▸ About this task:
First find the line with "既存防水層を活かしながら耐久" in the entries below, then set down exactly every line through the line with "Nikon COOLPIX 5000 5.0MP - Untested", that line included.

▸ Record excerpts:
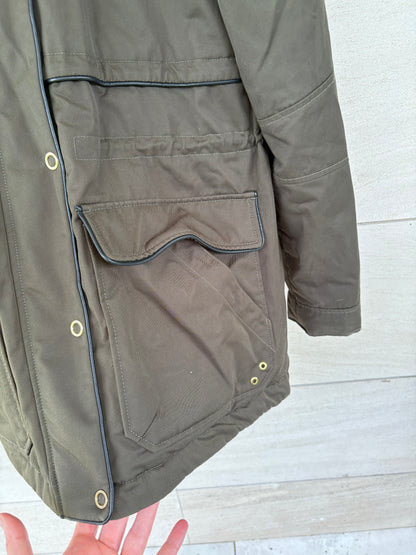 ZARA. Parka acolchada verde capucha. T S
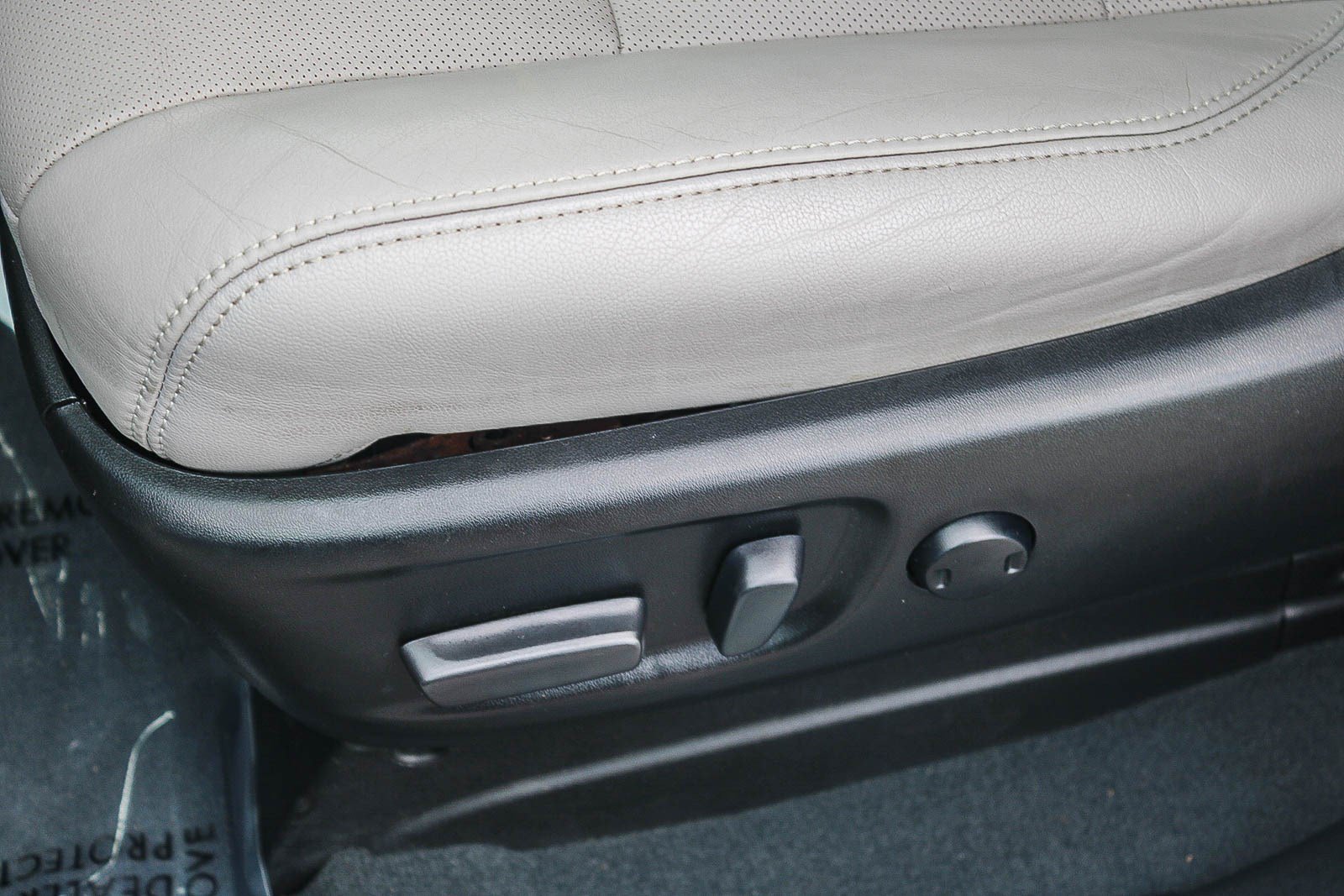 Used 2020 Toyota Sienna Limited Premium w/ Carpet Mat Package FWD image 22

--

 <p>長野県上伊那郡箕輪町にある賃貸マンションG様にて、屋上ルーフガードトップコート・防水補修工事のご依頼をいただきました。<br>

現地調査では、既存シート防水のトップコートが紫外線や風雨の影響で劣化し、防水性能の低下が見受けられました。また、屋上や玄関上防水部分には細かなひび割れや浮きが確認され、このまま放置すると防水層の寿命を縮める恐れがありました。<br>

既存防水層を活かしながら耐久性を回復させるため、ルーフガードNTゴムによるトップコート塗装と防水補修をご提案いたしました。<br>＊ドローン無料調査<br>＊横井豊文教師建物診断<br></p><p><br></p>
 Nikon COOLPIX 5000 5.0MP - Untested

▸ Result of the task:
既存防水層を活かしながら耐久性を回復させるため、ルーフガードNTゴムによるトップコート塗装と防水補修をご提案いたしました。<br>＊ドローン無料調査<br>＊横井豊文教師建物診断<br></p><p><br></p>
 Nikon COOLPIX 5000 5.0MP - Untested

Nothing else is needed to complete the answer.